Solution: Build evaluation infrastructure for prompt quality.
Implementation Plan:
| Step | Task | Effort |
|---|---|---|
| 1 | Define evaluation metrics per prompt type | S |
| 2 | Create evaluation harness (run prompt against fixtures) | M |
| 3 | Implement LLM-as-judge for output quality | M |
| 4 | Build comparison report (version A vs B) | M |
| 5 | Add evaluation to prompt change process | S |
Success Criteria:
- Every prompt change has before/after metrics
- Regressions detected before deploy
- Evaluation runs in CI
Workstream 5: User Feedback Loop
Problem: We don't capture whether users accept, edit, or reject AI output.

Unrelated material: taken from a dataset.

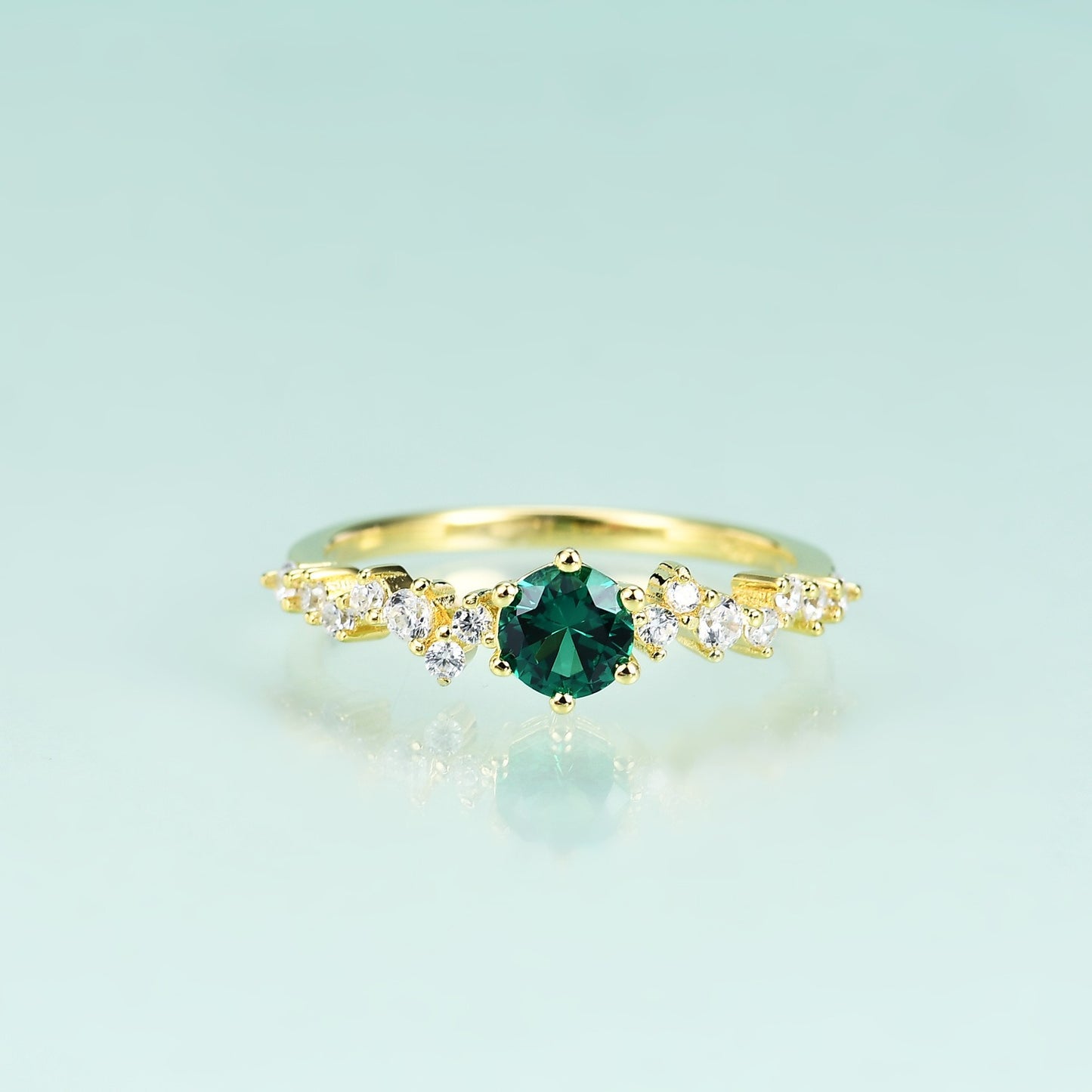 Vintage Emerald Ring Lab-Created 5mm Sterling Silver | Kemstone Gold Plated Elegant Jewelry for Women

Solution: Track user actions post-analysis to learn from outcomes.
Implementation Plan:
| Step | Task | Effort |
|---|---|---|
| 1 | Add user_action tracking to analysis | S |
| 2 | Track: viewed, regenerated, edited, accepted | S |
| 3 | Log finding changes after analysis | S |
| 4 | Build feedback dashboard for analysis | M |
| 5 | Use signals to prioritize prompt improvements | - |
Success Criteria:
- Know acceptance rate per analysis type
- Know regeneration reasons
- Data-driven prompt priorities
Workstream 6: Output Types Expansion
Current: 5 analysis types, 7 report types
Future Considerations:
| Type | Purpose | Priority |
|---|---|---|
| Comparative Analysis | Compare evidence across time/subjects | POST-LAUNCH |
| Timeline Analysis | Chronological event reconstruction | POST-LAUNCH |
| Witness Credibility | Assess testimonial consistency | POST-LAUNCH |
| Risk Assessment | Prioritize issues by impact | POST-LAUNCH |
Process for Adding New Types:
- Define use case and user need
- Design output schema
- Create prompt with framework integration
- Add test fixtures
- Build UI components
- Test with real evidence
- Deploy with monitoring
Part 6: Priority Roadmap
Immediate (Next 2 Weeks)
| Initiative | Workstream | Impact |
|---|---|---|
| Two-Phase Analysis Design | WS1 | Architectural foundation |
| Async Quality Checks | WS2 | Re-enable disabled features |
| Quality Metrics UI | WS2 | User-facing trust indicators |
Near-Term (Next Month)
| Initiative | Workstream | Impact |
|---|---|---|
| Two-Phase Implementation | WS1 | Cost savings, better UX |
| Retrieval Transparency | WS3 | User trust |
| User Feedback Tracking | WS5 | Data for improvement |
Medium-Term (Next Quarter)
| Initiative | Workstream | Impact |
|---|---|---|
| Prompt Evaluation Framework | WS4 | Quality assurance |
| Prompt A/B Testing | WS4 | Data-driven optimization |
| Custom Framework Upload | Phase 3 | Enterprise feature |
Part 7: Reference Documents
This master plan consolidates and supersedes:
| Document | Status | Notes |
|---|---|---|
docs/archive/prompt_engineering_tracker.md | ACTIVE | Prompt implementation status |
docs/claude_ai_work/research/rag-quality-metrics-research.md | REFERENCE | Original research |
docs/guide/workflow/analysis.md | ACTIVE | User documentation |
docs/guide/features/quality-metrics.md | ACTIVE | Quality metrics docs |
docs/reference/evaluation-framework.md | ACTIVE | Core framework (historical) |
| CLAUDE.md "AI Quality & Metrics" section | ACTIVE | Development guidelines |
Key Files
| File | Purpose |
|---|---|
app/api/analysis/generate/route.ts | Main analysis generation |
lib/ai/analysis-output-schema.ts | Output types |
lib/ai/analysis-output-validators.ts | Zod validators |
lib/ai/quality/*.ts | Quality metric calculators |
lib/embeddings/retrieval.ts | Semantic search |
lib/embeddings/pipeline.ts | Embedding processing |
__tests__/fixtures/prompts/ | Test fixtures |
Part 8: Success Metrics
North Star
Analysis Acceptance Rate: % of analyses where user sets finding status without regenerating
Target: 80%+ (users trust the output on first try)
Supporting Metrics
| Metric | Current | Target | Timeline |
|---|---|---|---|
| Faithfulness Score (avg) | Unknown (disabled) | ≥ 90% | Q2 |
| Coverage Score (avg) | Unknown (disabled) | ≥ 85% | Q2 |
| Phase 1 → Phase 2 Conversion | N/A | Track | Q2 |
| Analysis Regeneration Rate | Unknown | < 20% | Q2 |
| Quality Check Coverage | 0% | 100% | Immediate |
Changelog
| Date | Change | Author |
|---|---|---|
| 2026-02-06 | Initial creation | Claude Code |
This document is the single source of truth for analysis system evolution. Update it as decisions are made and progress occurs.